I like the question very much.

First, let me mention briefly that the question has a flaw in the quantifier order, since you have first fixed the theory $\Gamma$ and then ask for a cardinal $\kappa$ such that if all subtheories $\Delta\subset\Gamma$ of size at most $\kappa$ are consistent, then $\Gamma$ is consistent. This is trivially affirmative, since we may simply let $\kappa=|\Gamma|$, in which case $\Delta=\Gamma$ is one of the allowed subtheories.

The actual question here is the following (and note that I replace your $\leq\kappa$ with $\lt\kappa$, since this is how one usually frames it with weakly and strongly compact cardinals):

Question. Is there are a cardinal $\kappa$ such that if $\Gamma$ is any $L_{\omega_1,\omega}$ theory in any signature, and every $\kappa$-small subtheory is consistent, then $\Gamma$ is consistent?

Let us call this property the $\kappa$-compactness property for $L_{\omega_1,\omega}$. Just to be clear, $L_{\omega_1,\omega}$ is the infinitary language in which one is allowed to form countable conjunctions and disjunctions, but still only finitely many quantifiers at a time. Meanwhile, $L_{\kappa,\lambda}$ allows conjunctions and disjunctions of size less than $\kappa$ and blocks of quantifiers of size less than $\lambda$. One instinctively thinks of the following large cardinals:

  • A cardinal $\kappa$ is weakly compact if and only if it is uncountable and $L_{\kappa,\kappa}$ has the $\kappa$-compactness property for theories in a language of size at most $\kappa$.

  • A cardinal $\kappa$ is strongly compact if and only if it is uncountable and $L_{\kappa,\kappa}$ has the $\kappa$-compactness property for any theory without any size restriction.
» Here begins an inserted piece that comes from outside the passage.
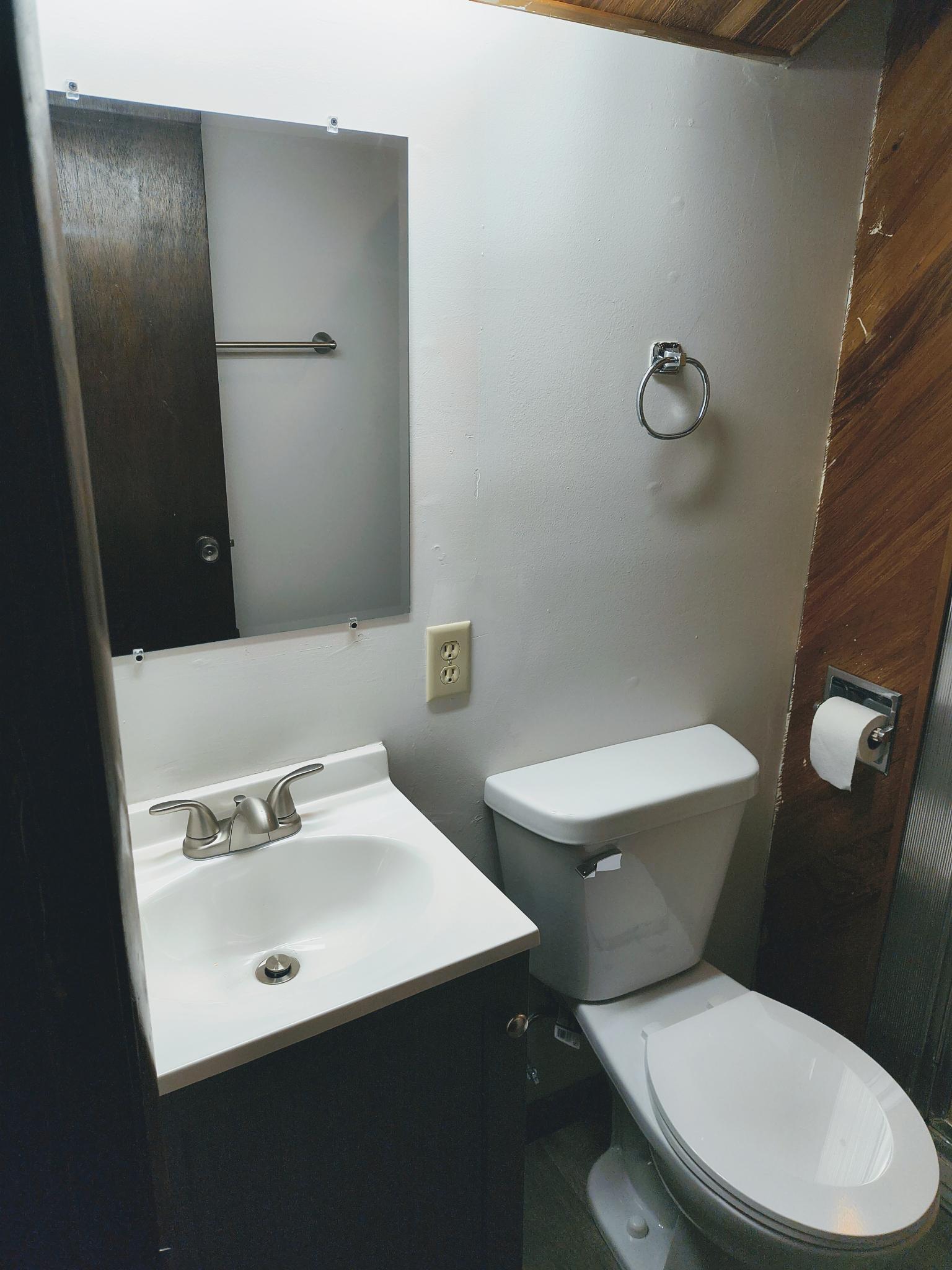 https://0201.nccdn.net/1_2/000/000/0ed/2a9/bath-sink.jpg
One crucial difference between $L_{\omega_1,\omega}$ and $L_{\kappa,\kappa}$ or even $L_{\omega_1,\omega_1}$ is that in $L_{\omega_1,\omega_1}$, one can express the assertion that a relation is well-founded, since you can say that it has no infinite descending sequence. This does not seem possible to express in $L_{\omega_1,\omega}$, because one can quantify only finitely many variables at a time.
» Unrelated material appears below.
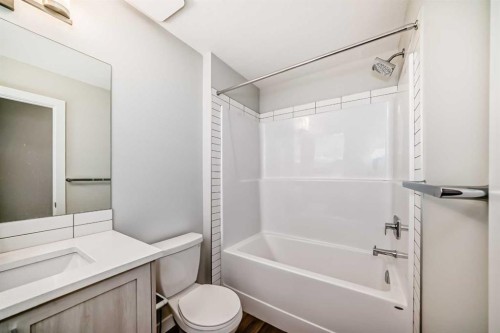 710 Sage Hill Grove Nw, Calgary, AB - Indoor Photo Showing Bathroom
Theorem. If $\kappa$ is strongly compact, then $L_{\omega_1,\omega}$ has the $\kappa$-compactness property.

Proof. This is immediate, since any $L_{\omega_1,\omega}$ theory is also a $L_{\kappa,\kappa}$ theory. QED

Theorem. If $L_{\omega_1,\omega}$ has the $\kappa$-compactness property, then there is a measurable cardinal.

Proof. Suppose that $L_{\omega_1,\omega}$ has the $\kappa$-compactness property. Let $\Gamma$ be the theory including the following assertions:

  • the full $L_{\omega_1,\omega}$ diagram of the structure $\langle \kappa,\in,\hat A\rangle_{A\subset \kappa}$, in the language with a predicate $\hat A$ for each $A\subset\kappa$ and constants $\hat\alpha$ for each $\alpha\in\kappa$.
  • the assertions $c\neq \hat\alpha$ for each $\alpha\in\kappa$.

Note that any $\kappa$-small subtheory of $\Gamma$ is consistent, since we may interpret $c$ inside $\kappa$ if only fewer than $\kappa$ many $\alpha$ are excluded. So by the $\kappa$-compactness property, $\Gamma$ has a model $\langle M,\hat\in,\hat A^M\rangle$. Let $U$ be the set of $A$ for which $M\models c\in\hat A$. This $U$ is an ultrafilter and it is countably complete, since the assertions $(\forall x. \bigwedge_n x\in A_n)\to x\in A$, whenever $A=\cap A_n$, are part of $\Gamma$. It is nonprincipal since $c\neq \hat\alpha$ for any $\alpha$. So there is a countably complete nonprincipal ultrafilter, and hence there is a measurable cardinal, since the degree of completeness of such an ultrafilter is always measurable. QED

In particular, the hypothesis is strictly stronger than a weakly compact cardinal.

I'm not yet sure of the exact strength, but I'm inclined to think it is equiconsistent with a strongly compact cardinal, in light of the following observation:

Theorem. If $\kappa$ is the least measurable cardinal, then $L_{\omega_1,\omega}$ has the $\kappa$-compactness property if and only if $\kappa$ is strongly compact.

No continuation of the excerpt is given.